Das ist z.B. unten am schrägen Strich der Fall: Hier klickt ihr den Punkt an und wählt aus dem Punktbearbeitungsmenü "Pfad aufheben".
 Der Punkt ist jetzt rot. D.h. dort ist die Linie unterbrochen.

Unten am senkrechten Strich macht ihr dasselbe.
Jetzt muss die Linie zwischen diesen beiden Punkten gelöscht werden. Am besten geht das, indem ihr auf einen Punkt auf der zu löschenden Linie klickt und auf "Entfernen/Delete" drückt (oder ganz oben im Punktbearbeitungsmenü auf "Punkt löschen"). Und zwar so oft, bis alle Punkte der Linie gelöscht sind und die Linie entsprechend "verschwunden" ist.
Dazwischen schaut es möglicherweise so aus, weil die Punkte ja zusammenhängen:
Keine Sorge, einfach weiter löschen.
Unten schaut es jetzt schon ganz gut aus:
 Oben beim R muss auch noch die Verbindung zwischen dem senkrechten Strich und dem linken "Bauchansatz" gekappt werden. Dazu wieder die Endpunkte anklicken und "Pfad aufheben" auswählen.
Hier gibt es zwischen den Endpunkten der Linie, die ihr löschen wollt (die kurze waagrechte), keinen Punkt, den ihr fürs Löschen auswählen könnt.
Das lässt sich ganz einfach lösen, indem ihr einen Punkt auf die Linie setzt: einfach auf die Linie klicken, und schon ist da ein neuer Punkt - den ihr gleich wieder löschen könnt, gemeinsam mit den Endpunkten der Linie.
Jetzt habt ihr nur mehr die zwei benötigten Linien:
Diese müssen noch etwas angepasst werden: Z.B. muss die Verbindung vom "Bauch" zum schrägen Strich ganz an den senkrechten Strich:
Die einzelnen Punkte werden entweder mit der Maus oder (manchmal einfacher) mit den Pfeiltasten verschoben.
Für die Rundungen haben die Punkte so blaue "Ausleger" - die könnt ihr verkürzen oder verlängern oder drehen.
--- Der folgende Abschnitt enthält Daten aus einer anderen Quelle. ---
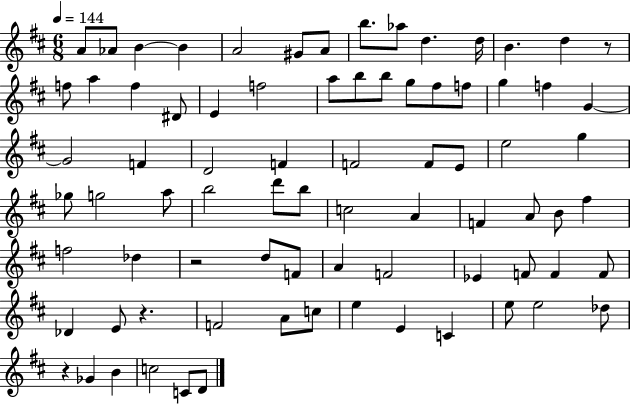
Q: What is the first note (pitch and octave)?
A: A4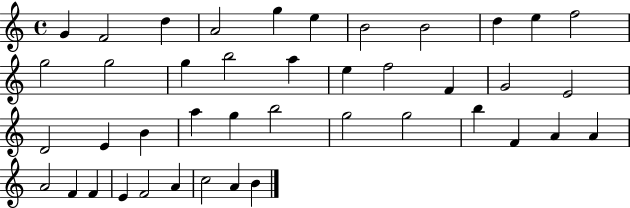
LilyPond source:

{
  \clef treble
  \time 4/4
  \defaultTimeSignature
  \key c \major
  g'4 f'2 d''4 | a'2 g''4 e''4 | b'2 b'2 | d''4 e''4 f''2 | \break g''2 g''2 | g''4 b''2 a''4 | e''4 f''2 f'4 | g'2 e'2 | \break d'2 e'4 b'4 | a''4 g''4 b''2 | g''2 g''2 | b''4 f'4 a'4 a'4 | \break a'2 f'4 f'4 | e'4 f'2 a'4 | c''2 a'4 b'4 | \bar "|."
}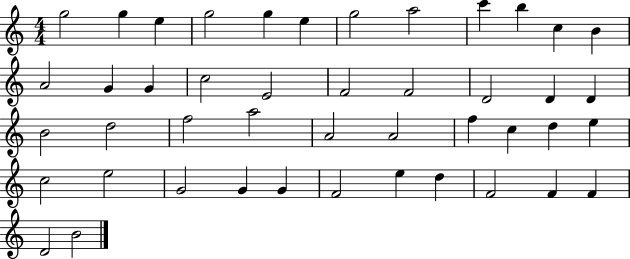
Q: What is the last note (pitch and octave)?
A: B4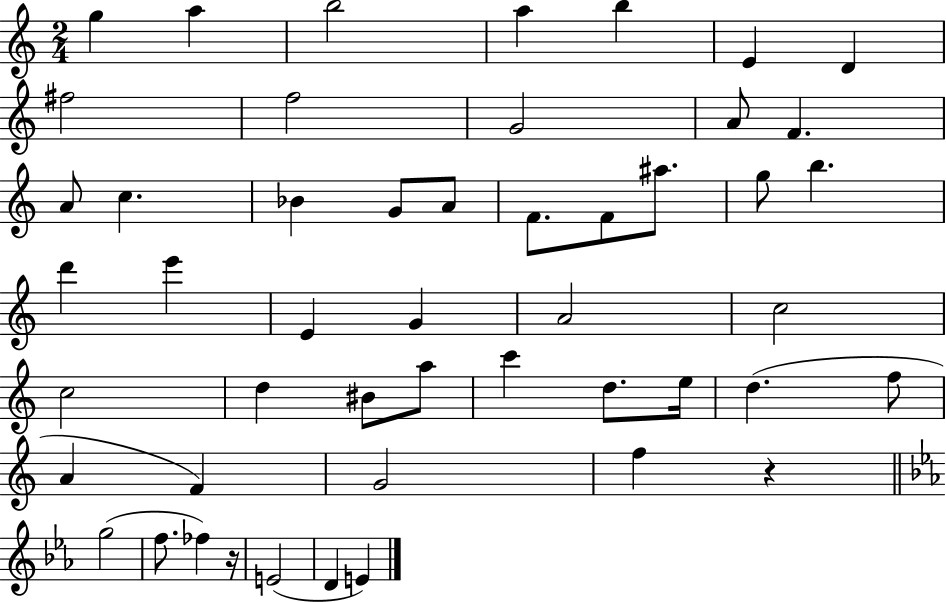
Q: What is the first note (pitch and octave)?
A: G5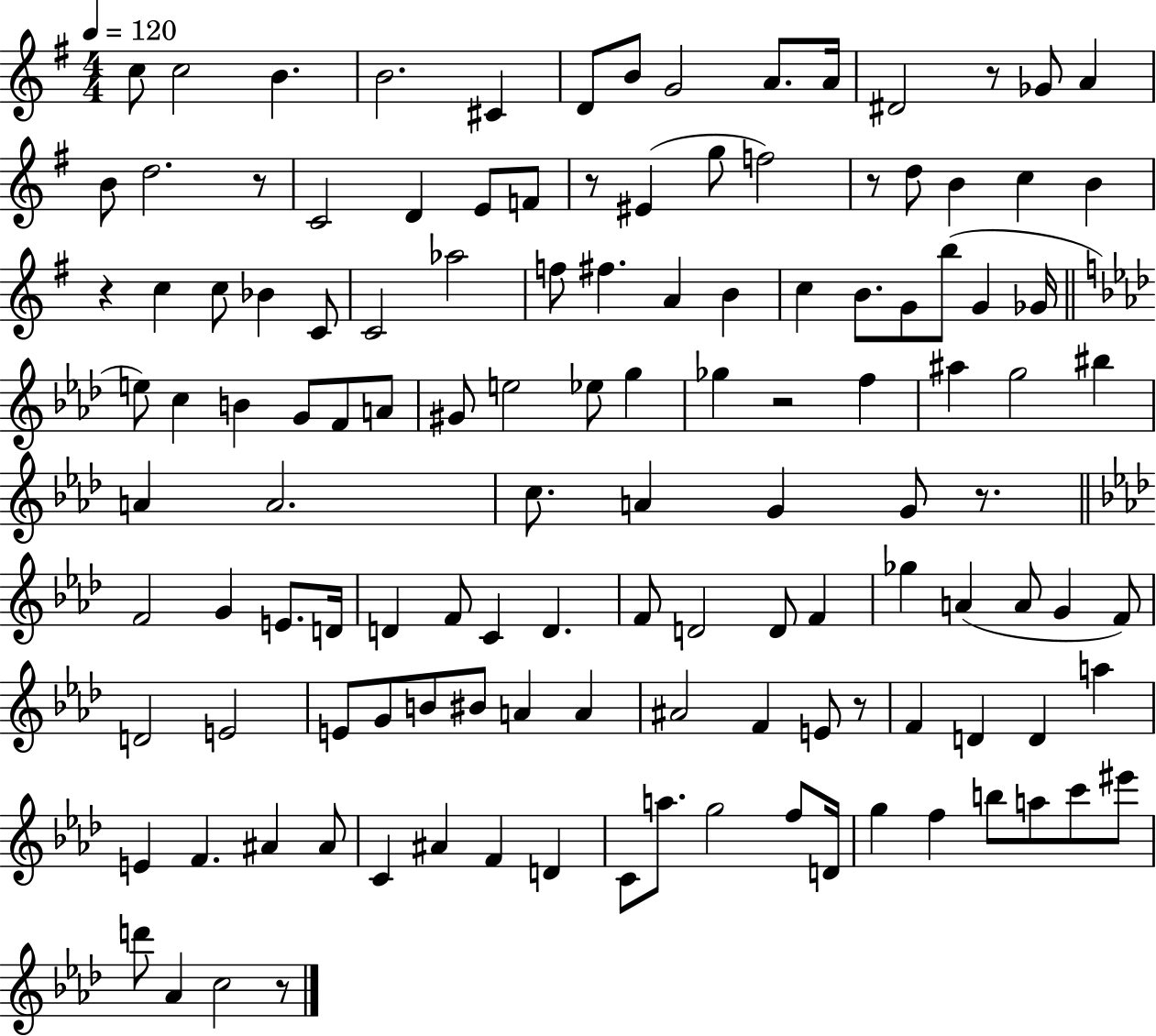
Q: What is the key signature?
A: G major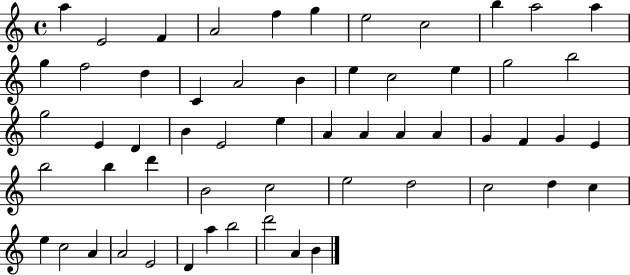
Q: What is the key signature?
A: C major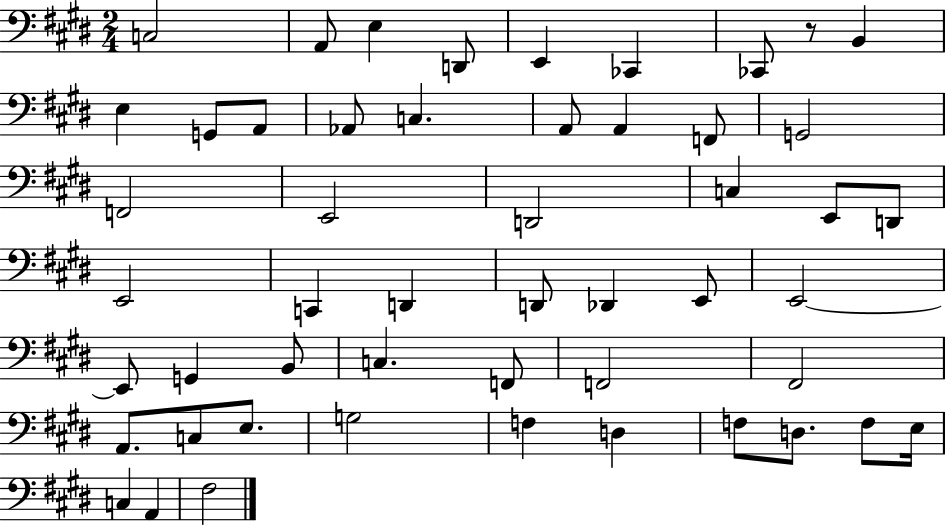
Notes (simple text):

C3/h A2/e E3/q D2/e E2/q CES2/q CES2/e R/e B2/q E3/q G2/e A2/e Ab2/e C3/q. A2/e A2/q F2/e G2/h F2/h E2/h D2/h C3/q E2/e D2/e E2/h C2/q D2/q D2/e Db2/q E2/e E2/h E2/e G2/q B2/e C3/q. F2/e F2/h F#2/h A2/e. C3/e E3/e. G3/h F3/q D3/q F3/e D3/e. F3/e E3/s C3/q A2/q F#3/h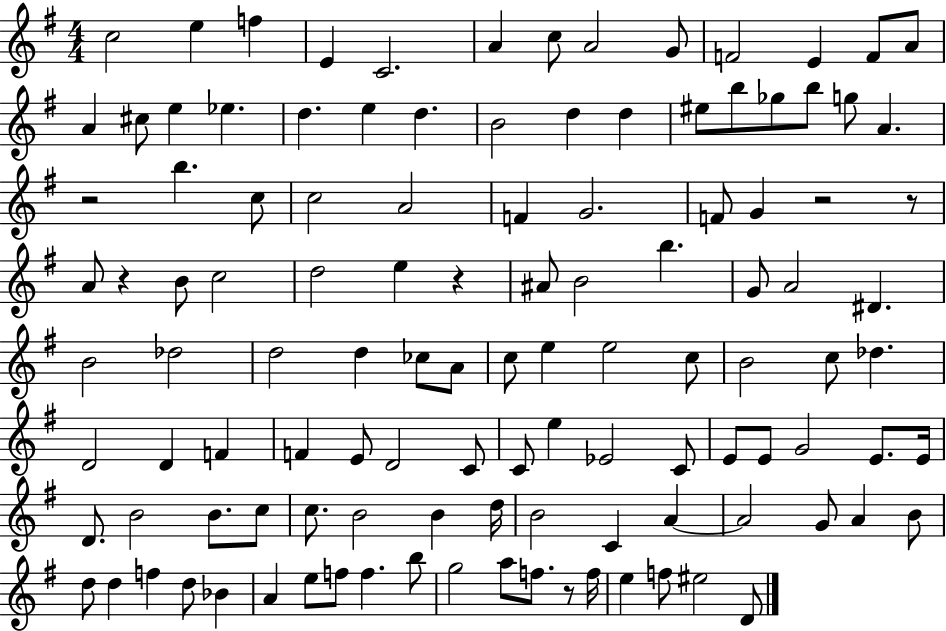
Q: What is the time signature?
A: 4/4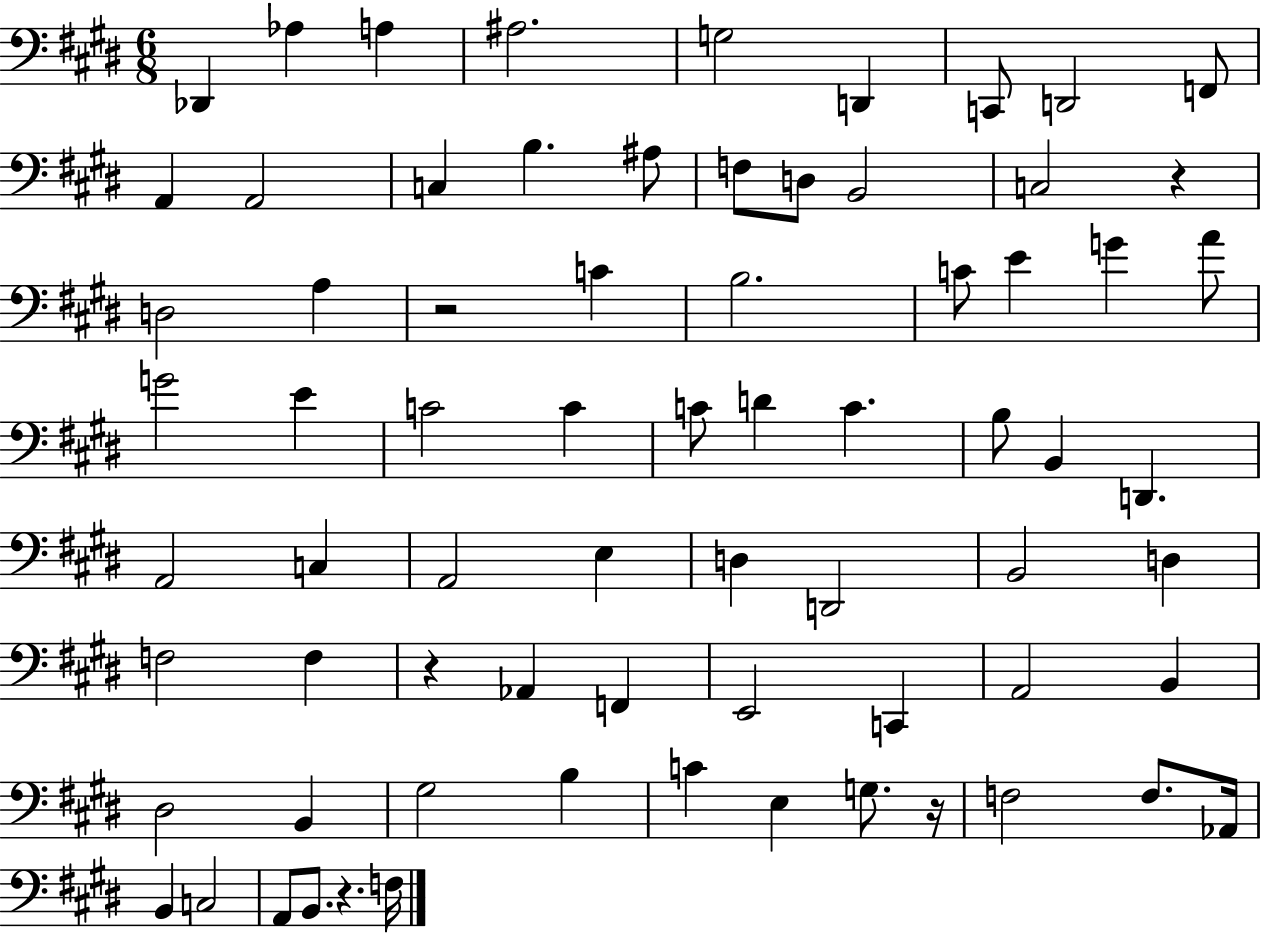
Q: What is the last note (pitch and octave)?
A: F3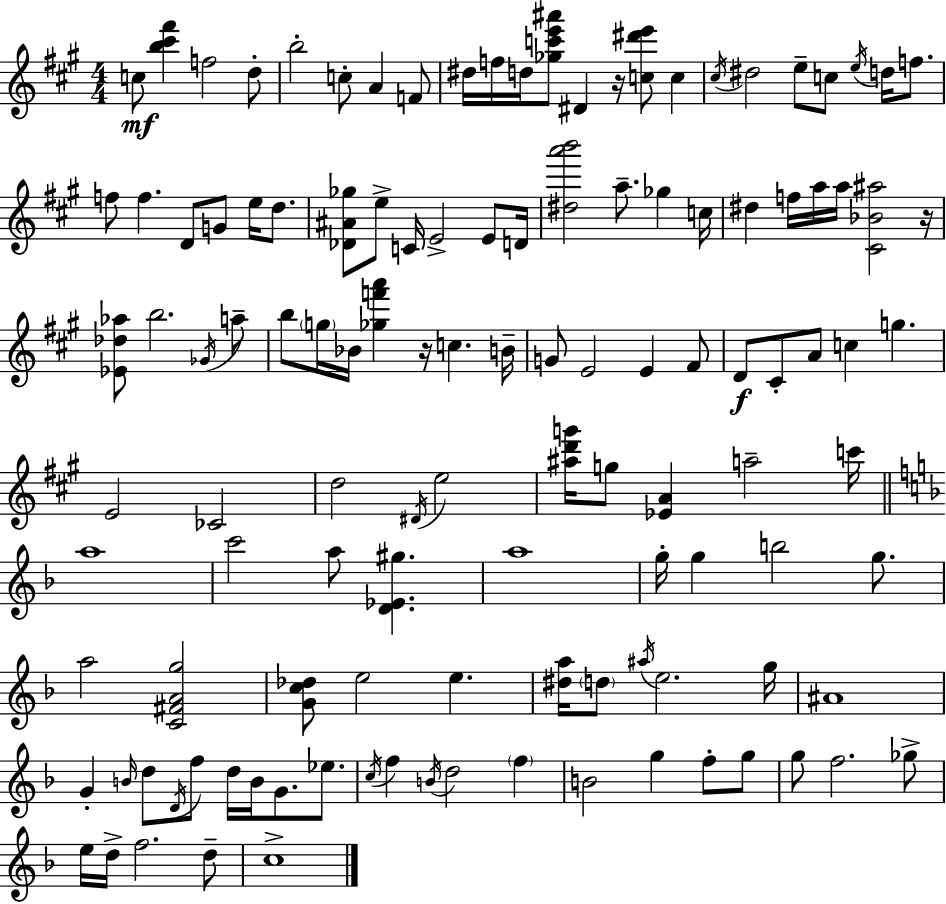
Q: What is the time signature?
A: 4/4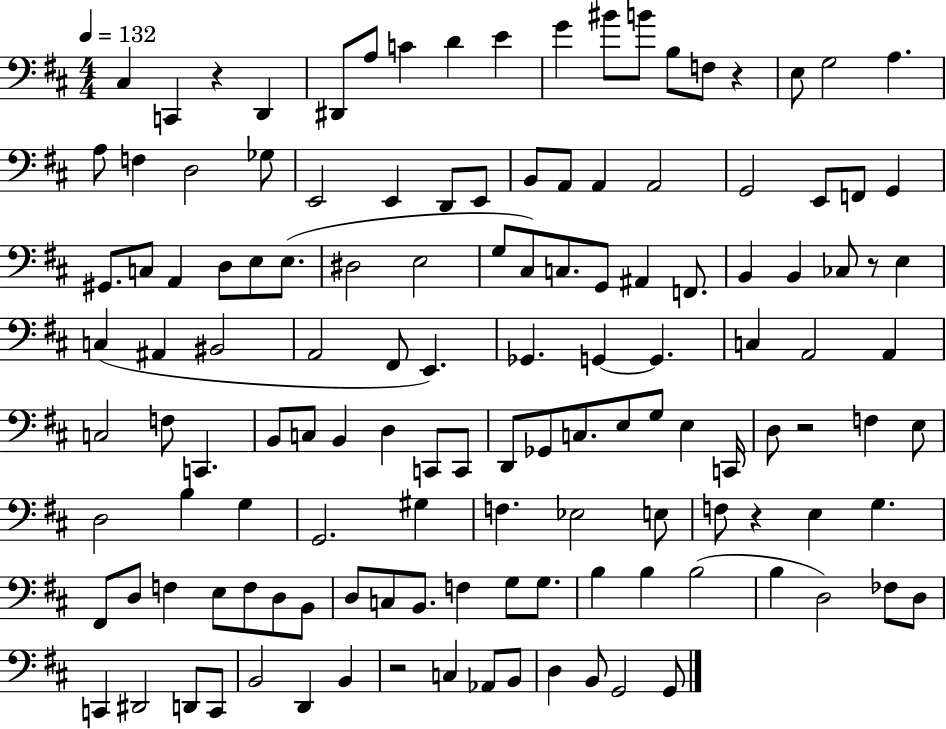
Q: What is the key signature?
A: D major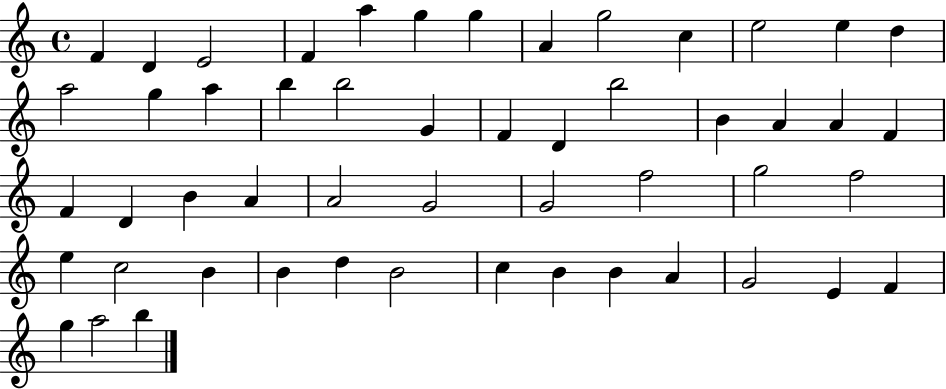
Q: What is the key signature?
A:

Wenn ein Punkt keine Ausleger hat, wählt ihr "Kurve erstellen" oder "Glätten" aus.
Das ist jetzt eine Herumspielerei, bis die Linie so ist, wie ihr sie gerne haben wollt.
Manchmal ist es auch notwendig, einen zusätzlichen Punkt zu setzen - dafür einfach auf die Linie klicken.

Zum Schluss, wenn ich zufrieden bin mit dem Ergebnis, mache ich die neue Linie noch schwarz und etwas dicker (2 pt) und kontrolliere noch einmal, ob es mir so gefällt.

Nachdem ich alle Buchstaben und Motive fertig bearbeitet habe, schaut mein Label jetzt so aus:


Geschrieben wird dann vom Plotter nur die eine Linie, die Dicke ist hier abhängig vom Stift und nicht davon, wie dick die Linie am Bildschirm erscheint.
Unten habe ich die Linien für die digitale Verwendung noch dicker gemacht (7 pt).

Ich habe keine Ahnung, ob es vielleicht doch eine einfachere Möglichkeit gibt. Aber mit ein bisschen Übung geht das dann eigentlich recht flott.

Ich hoffe, ich komme bald dazu, mein neues Label auch auf Snappap zu plotten. Und es auch als Titel in den Blog einzubauen.
Im Moment habe so viele Ideen, dass ich gar nicht weiß, wo anfangen ;-)

Ich hoffe, euch hat mein kleines Tutorial ein bisschen geholfen, über Rückmeldungen freue ich mich natürlich immer.